Political Divide Over California Gas Tax Hike

DUBLIN (KPIX 5) — While some politicians applauded the enacting of a new gas tax in California and the money it will bring for road and transit repairs, others are already preparing a repeal effort.

Bay Area politicos, including state Senator Jim Beale, Alameda County Supervisor Scott Haggerty and Dublin Mayor David Haubert joined representatives from BART, Caltrans, AC Transit and other agencies in Dublin Wednesday to celebrate the billions of dollars the gas tax will bring for transit and road projects.

But not everyone is applauding the new 12 cents per gallon gas tax, or the 20 cents per gallon diesel tax – nor the soon-to-come hike in the vehicle license fee of up to $175 a year that was narrowly passed by the legislature earlier this year.

“This is the highest gas tax in California history and we never got a chance to vote on it,” said state Republican state Assemblyman Travis Allen.

Allen, who is running for governor, is spearheading a drive to collect the 366,000 signatures needed to put a repeal of the new gas tax on the November 2018 ballot.

“Money is not the problem in Sacramento, they get more of it than they ever have,” said Allen. “The problem is that they have been spending in other places.”

Allen is not alone. In June, a poll by the University of California, Berkeley Institute of Government Studies found that six out of 10 voters oppose the gas tax hike, meaning the repeal could pass.

“Even in the Bay Area, it outperforms. Repealing the tax was 46 percent to 45 percent,” said Allen.

The argument for keeping the tax? “It will actually prevent tax increases in the future because the roads will not get worse, they will get better,” said Beale.

The timing of the gas tax hike is also raising questions.

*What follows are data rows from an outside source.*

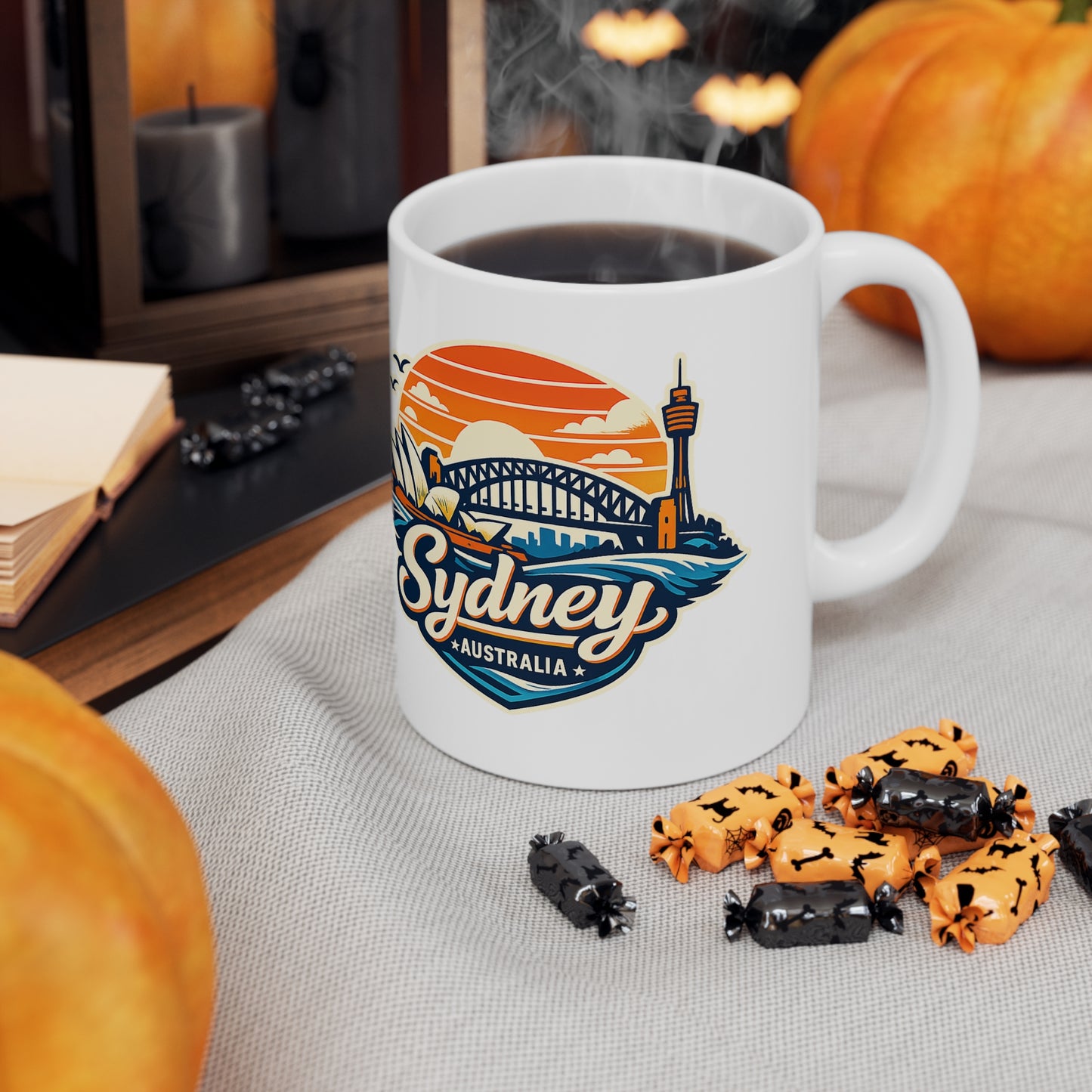 Sydney Skyline Coffee Mug — Vintage Sunset Opera House & Harbour Bridge Ceramic Cup (11oz, 15oz)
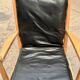 Scandinavian wooden and leather rocking chair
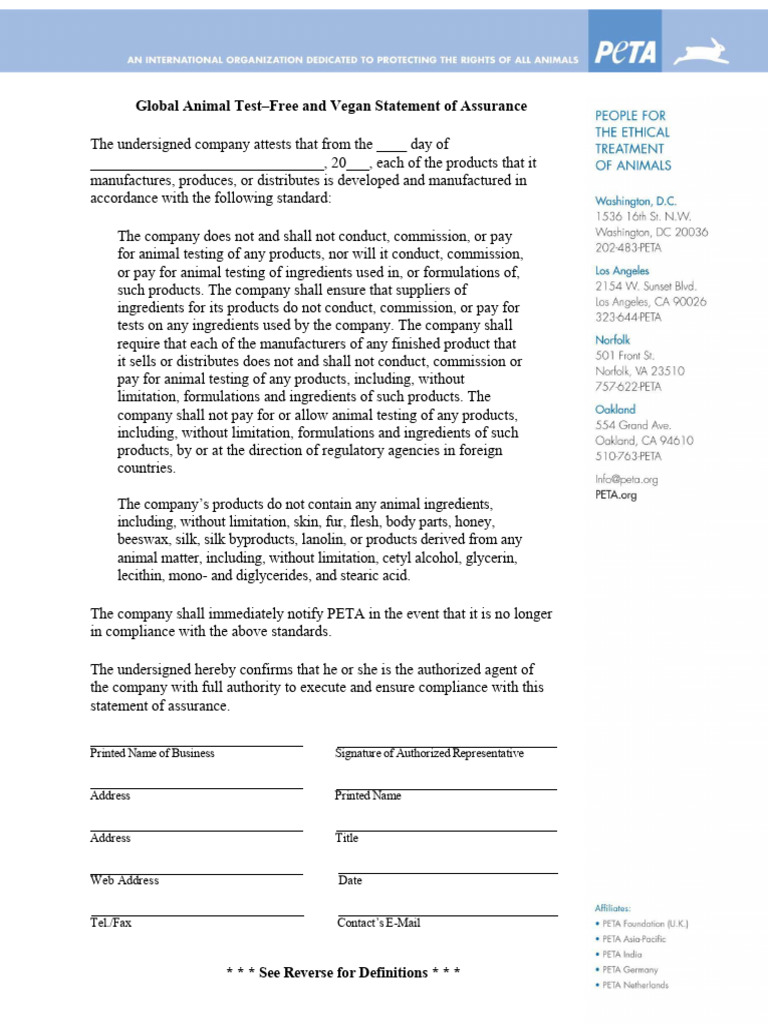 Company Global Animal Test-Free and Vegan Statement of Assurance | PDF ...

The hike is going into effect just as refineries switch from the higher-cost summer gas blend to the cheaper winter blend. So you may not notice the increase right away.

“It was an intentional deliberate way to mask this tax increase to the California voters,” said Allen.

“The fact of the matter is that the roads are falling apart and getting worse, and we need to do something,” said Beale. “I think we have a strong coalition that is ready to defeat any ballot measure.”